The libertarians' successes, seen in the general support for fiscal discipline, low taxes and light business regulation, are most obvious in the degree to which both parties generally adhere to their approach. Since Clinton's re-election in 1996, the Democratic Party has shifted to one that is socially liberal but that also is fiscally conservative and, compared to 1992, far less enamored with the government's regulatory powers. While Democrats have not yet shrugged off the tax-and-spend label, they are showing that it does not apply to the degree it once did. The only major regulatory advances offered in the 110th Congress so far relate to climate change, and the most visible climate change bills have Republican co-sponsors and, in some cases, the support of business coalitions. None of the major Democratic presidential hopefuls is running on an anti-business platform, and almost all tout their pro-business credentials.

This is not to say that Democrats are the more business-friendly party, but for small-government conservatives, the experience of the past six years has shown that the choice between Democrats and Republicans is not an easy one. As long as the Democrats control the impulse to regulate business, libertarians are again in play in the political debate. Democrats and Republicans differ only on the degree to which they support libertarian ideals, meaning this traditional Republican constituency could begin to see defections of many of those who are pro-business and libertarians to the Democrats.
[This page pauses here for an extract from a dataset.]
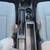 2015 Chevrolet City Express LS    10 thumbnail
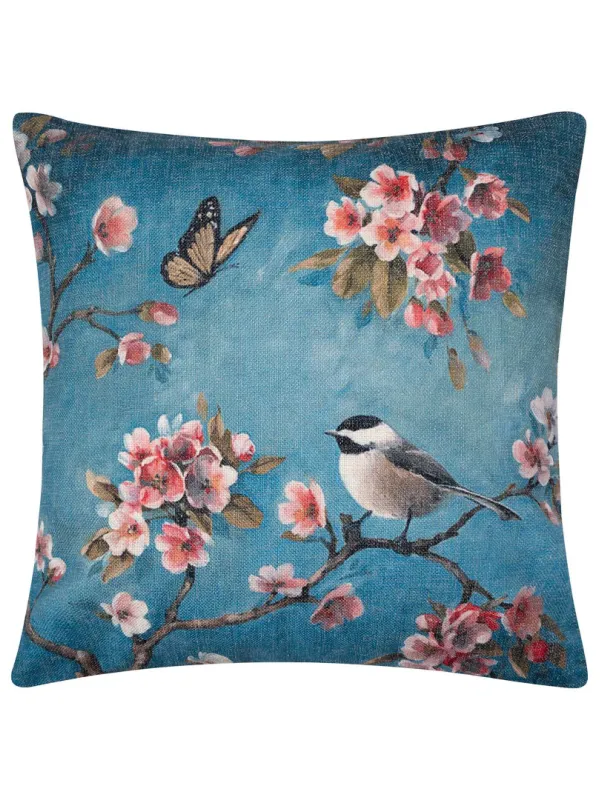 Προϊόν ΣΤΑΜΠΩΤΗ ΜΑΞΙΛΑΡΟΘΗΚΗ (45cm x 45cm) ks031 Εικόνα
The vast majority of evangelicals, on the other hand, are not really in play for the Democrats yet. As a result, for the time being at least, the Republicans could see that their surest bet is to firm up their libertarian flank. They can do this by appealing to these voters directly and also by publicly breaking with evangelicals, the group that libertarians distrust and that alienates moderates in key constituencies. The bet that Republicans would be making is that, while they might lose the infrastructure support, get-out-the-vote efforts and volunteer labor, the evangelicals at the end of the day will not vote for any of the current Democrats. The biggest fear -- a third party -- would seem remote, since pragmatists within the evangelical leadership are too strong to let the movement embark on a Ralph Nader-esque campaign that could only ensure the election of a less-palatable Democratic Party candidate.

The Republicans, then, would be banking on the persuasive power of the pragmatists within the evangelical movement. If the GOP made a clear and decisive break with evangelicals -- through, for instance, a landslide primary win for McCain or a convention that offered evangelicals no choice speaking points -- evangelical leaders would likely threaten, as they have before, to advise their followers to sit out the vote. The question is whether the pragmatists' voices would win out in the end.